> [Collected data entries]:
***

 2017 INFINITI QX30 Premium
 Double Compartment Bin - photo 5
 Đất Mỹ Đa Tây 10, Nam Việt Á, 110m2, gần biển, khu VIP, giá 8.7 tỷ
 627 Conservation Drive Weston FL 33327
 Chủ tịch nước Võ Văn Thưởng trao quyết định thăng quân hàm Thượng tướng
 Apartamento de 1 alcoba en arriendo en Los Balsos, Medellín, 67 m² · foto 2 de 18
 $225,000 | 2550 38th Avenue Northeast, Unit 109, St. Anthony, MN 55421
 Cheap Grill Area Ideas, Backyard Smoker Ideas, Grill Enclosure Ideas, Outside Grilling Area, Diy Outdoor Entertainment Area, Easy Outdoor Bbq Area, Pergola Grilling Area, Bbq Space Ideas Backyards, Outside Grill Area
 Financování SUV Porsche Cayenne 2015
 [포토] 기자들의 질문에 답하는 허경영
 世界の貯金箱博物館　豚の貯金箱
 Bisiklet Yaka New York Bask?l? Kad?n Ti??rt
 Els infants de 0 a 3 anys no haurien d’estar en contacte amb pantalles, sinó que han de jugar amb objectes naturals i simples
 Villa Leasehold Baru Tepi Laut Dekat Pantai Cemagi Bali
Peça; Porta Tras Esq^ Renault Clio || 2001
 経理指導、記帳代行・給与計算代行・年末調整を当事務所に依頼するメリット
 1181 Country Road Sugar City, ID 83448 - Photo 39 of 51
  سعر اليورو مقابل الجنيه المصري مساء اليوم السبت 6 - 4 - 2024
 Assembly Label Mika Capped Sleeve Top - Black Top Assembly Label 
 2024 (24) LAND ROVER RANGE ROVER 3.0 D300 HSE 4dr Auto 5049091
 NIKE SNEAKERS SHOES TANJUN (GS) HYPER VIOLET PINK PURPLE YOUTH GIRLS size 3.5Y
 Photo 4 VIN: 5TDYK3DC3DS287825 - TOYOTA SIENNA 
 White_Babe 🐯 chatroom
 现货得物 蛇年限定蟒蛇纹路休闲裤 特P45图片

***

> [WHAT THE TASK ASKS]:
Would you copy out exactly the lines from the one holding "1181 Country Road" through the end of the entries above, both ends included?

> [EXERCISE SOLUTION]:
 1181 Country Road Sugar City, ID 83448 - Photo 39 of 51
  سعر اليورو مقابل الجنيه المصري مساء اليوم السبت 6 - 4 - 2024
 Assembly Label Mika Capped Sleeve Top - Black Top Assembly Label 
 2024 (24) LAND ROVER RANGE ROVER 3.0 D300 HSE 4dr Auto 5049091
 NIKE SNEAKERS SHOES TANJUN (GS) HYPER VIOLET PINK PURPLE YOUTH GIRLS size 3.5Y
 Photo 4 VIN: 5TDYK3DC3DS287825 - TOYOTA SIENNA 
 White_Babe 🐯 chatroom
 现货得物 蛇年限定蟒蛇纹路休闲裤 特P45图片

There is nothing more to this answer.